Writing to strp twice? Loosing the first value creates a memory leak!

res = BN_bn2dec(rem);
result=atoi((const char *) res);
_evp_hash(&hash2,message);
BN_dec2bn(&cmp,(const char*) hash2.digest);
OPENSSL_free(strp);

freeing something that hasn't been malloc-ed? (assuming OPENSSL_free() calls
free() and BN_bn2dec() did not use malloc() to obtain memory)

OPENSSL_free(mess);
OPENSSL_free(rem);
OPENSSL_free(k);
OPENSSL_free(cmp);
BN_CTX_end(ctx);
return result;
}


int main(int argc,char** argv){
int i,j;
char* prova;
char* speriamo="spero";
prova=xmalloc(strlen(argv[1])+1+5);

Sure argv[1] isn't NULL before the call? Sure prova isn't NULL after the
all? Better check

for(i=0;i<10;i++){
printf("\n%d",_chooseTSK(argv[1],i));
}
printf("\n");
for(j=0;j<1;j++){
for(i=0;i<1000;i++){
sprintf( prova, "%s|%d",argv[1],i);
printf("\n%d: %d",i,_chooseTSK(prova,i));
*prova="\0";
}
}
free(prova);
return 0;
}


During the execution of this program i always obtain unpredictable
segmentation fault. After running it trough gdb debugger it tolds me
this:
Program received signal SIGSEGV, Segmentation fault.
0x08048b84 in main (argc=1, argv=0xbff8ac34) at parm_utility.c:48
48 prova=xmalloc(strlen(argv[1])+1+5);

But i receive seg fault some time after 5 iteration sometime after 100
iteration,
any suggestion?

Bye, Jojo

 

[Tor Rustad]

Andrea wrote:

But i receive seg fault some time after 5 iteration sometime after 100
iteration, any suggestion?

You have posted a couple of basic questions, now you pull in the OpenSSL
library, which isn't really supposed to be used by a newbie.
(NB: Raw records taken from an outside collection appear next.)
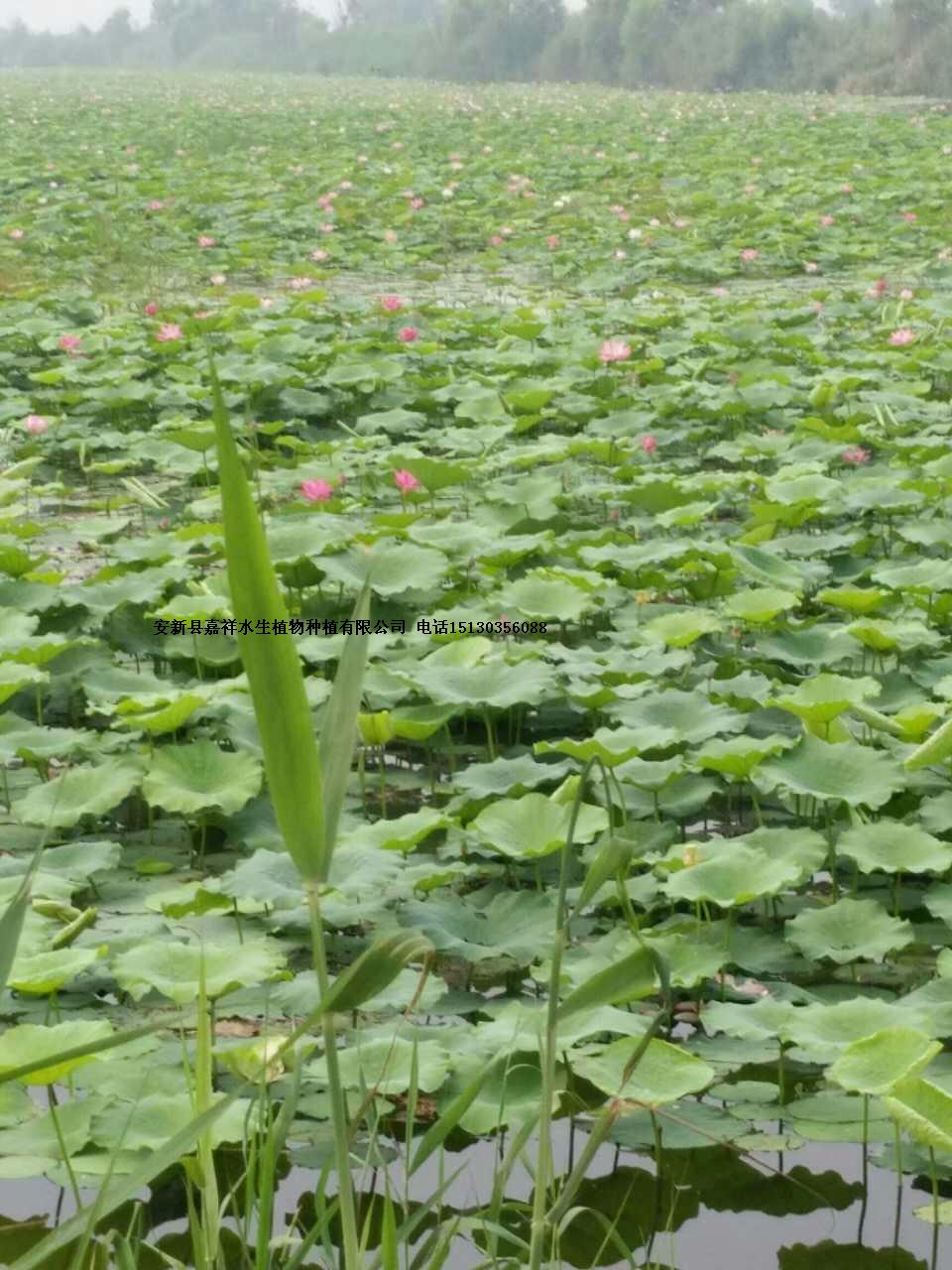 荷花苗批发 荷花苗价格荷花苗厂家 荷花苗基地 荷花苗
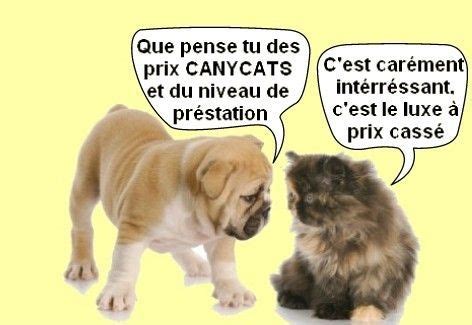 Il faut visiter au prélable l'établissement, réfléchir.certains établissements ont une connexion de vidéo. garde chien tarif - Garde de chiens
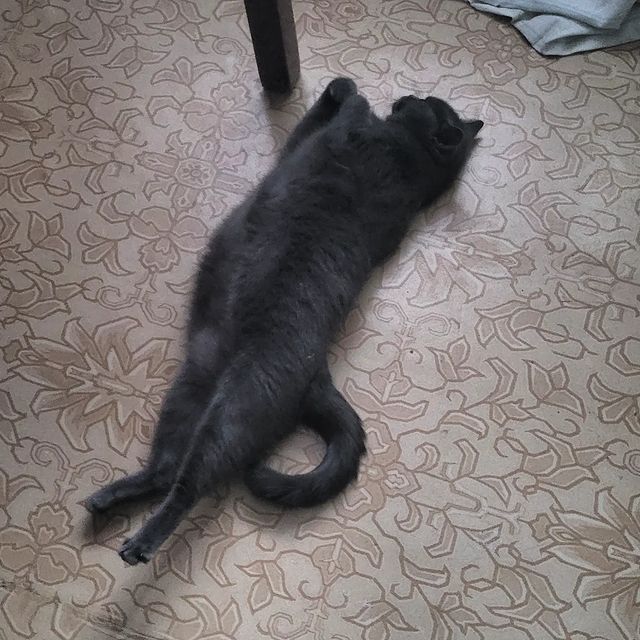 vadim_gvd в LOOKY. #кот,#кошка,#котик. #кот #кошка #котик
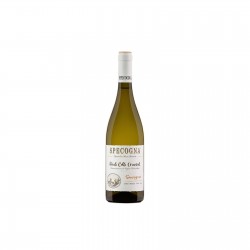 Friuli Colli Orientali Sauvignon Doc 2023 - Specogna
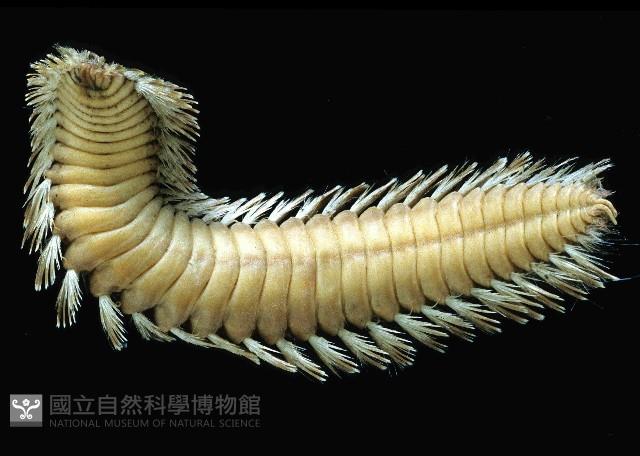 黃海毛蟲藏品圖，第3張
Even if
multiple ppl here have used this library before, OpenSSL is off-topic.

To improve your chances of getting help, you should post a *minimal*
example, illustrating your C problem, if any. If your problem is OpenSSL
specific, sci.crypt is a better place to ask.

A good start, is to post code that actually compile..!

Your code was so ill-formated (hard to read), that it completely turned
me off.

$man indent

 

[Johan Bengtsson]

Others have already mentioned several good suggestions, I have but one
thing left to point out immediately (Yes I know this is at the top)

void * xmalloc (size_t size){
register void *value = OPENSSL_malloc(size);
if (value == 0)
printf("virtual memory exhausted");
return value;
}

The printf() statement contains a string with no newline, I am not
completely sure this will be printed on the screen if there is no other
output before the program crashes.

A better handling IMO would be something like this:

if (!value)
{
fprintf(stderr,"virtual memory exhausted\n");
exit(EXIT_FAILURE/*or some other suitable error code*/);
}

Making the output of something that is clearly an error message better
go to stderr so it is *always* visible even if the output is piped
somewhere.
Immediately terminate the program with a defined error code in a case
where it surely does not continue to work anyway.